Dinamismo e buona capacità di vivere le proprie scelte, dunque. Ma anche attività e creatività. La stessa creatività che ha portato l'arancione a farla da padrone anche nelle ultime tendenze dell'arredamento e del design: il colore è infatti considerato un generatore di calore, familiarità e semplicità. Un esempio? Il cotto, materiale versatile usato per la fabbricazione di vasi, mattonelle e piastrelle. Ma non solo: l'arancione è ormai diventato un must sulle tavolozze dei decoratori più all'avanguardia. Le pareti di salotti e, soprattutto, cucine si colorano di arancio, sprizzando energia positiva, sia fisica che mentale. Come riporta il sito www.designradar.it, dove leggendo si scopre anche che «il contenuto emotivo dell'arancione è il desiderio, la percezione delle emozioni da un punto di vista fisico, che significa esplorazione del mondo attraverso i sensi, per percepire e provare piacere».

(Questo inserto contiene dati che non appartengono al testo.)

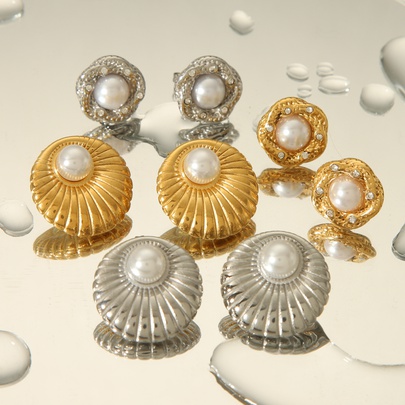 1 Piece Beach Simple Style Round Flower Inlay 304 Stainless Steel Artificial Pearls Zircon 18K Gold Plated Ear Studs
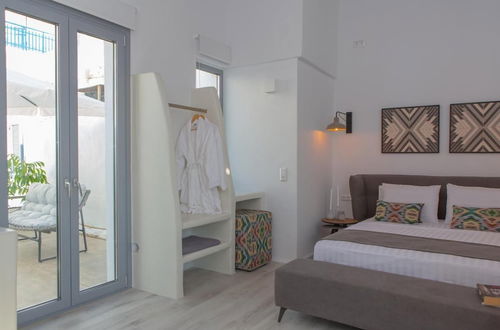 Photo 10 - Naxos Riviera Suites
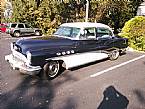 1953 Buick Roadmaster Picture 2
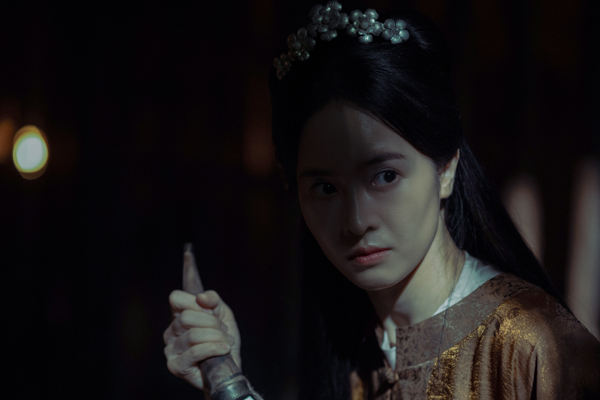 Mỹ nhân 'Áo lụa Hà Đông' bất ngờ góp mặt trong phim của Johnny Trí Nguyễn - Ảnh 3. Mỹ nhân 'Áo lụa Hà Đông' bất ngờ góp mặt trong phim của Johnny Trí Nguyễn - Ảnh 3.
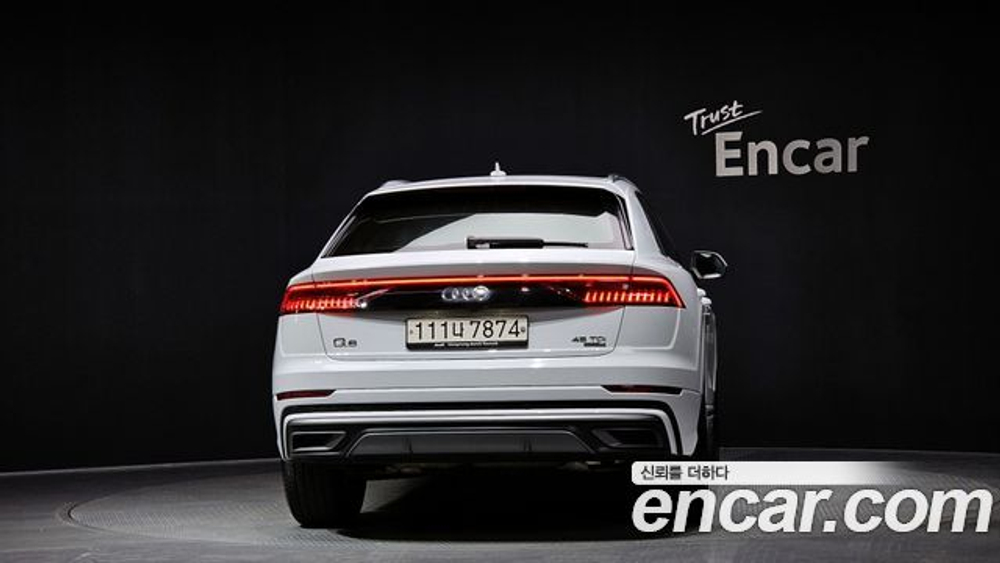 Audi Q8 45 TDI Quattro Premium — 2020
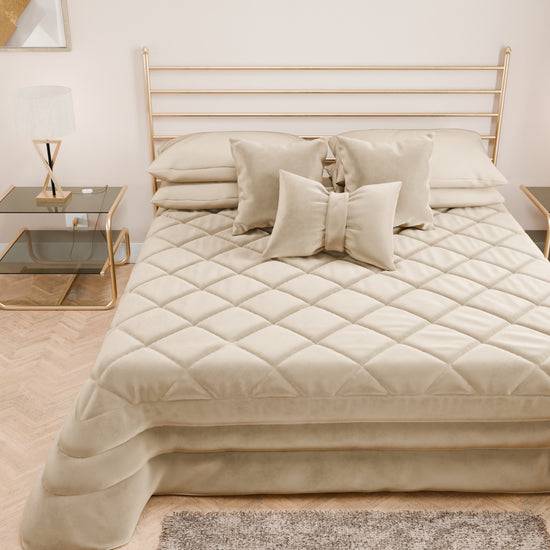 PETTI Trapuntino Primaverile in Velluto da Corredo Piazzato Panna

E come non ricordare, a tal proposito, l'ultima opera di Christo e Jeanne-Claude, la coppia di artisti celebre per aver impacchettato i monumenti di mezzo mondo, compreso il Reichstag di Berlino? Abbandonato per una volta il cellophane, i due hanno deciso di rispolverare un vecchio progetto targato 1979: dopo anni di trattative e il definitivo benestare del nuovo sindaco newyorkese Michael Bloomberg, si sono autofinanziati la realizzazione di «The Gates», 7500 «porte» di acciaio che dal 12 al 27 febbraio scorsi hanno ornato i vialetti di Central Park, il polmone della Grande Mela. E quale colore potevano scegliere i due eclettici personaggi per colorare le loro creazioni? L'arancione, of course, poiché «come un fiume dorato le porte appaiono e scompaiono tra i rami nudi degli alberi, gettando un alone di luce sul parco ingrigito dai rigori invernali». Un allestimento che manifesta apertura e aria di casa. Un progetto addirittura giudicato da molti come «troppo frivolo», a conferma che l'arancione proprio non ce la fa ad essere preso sul serio fino in fondo.
Gioie e dolori di una tonalità mai scontata.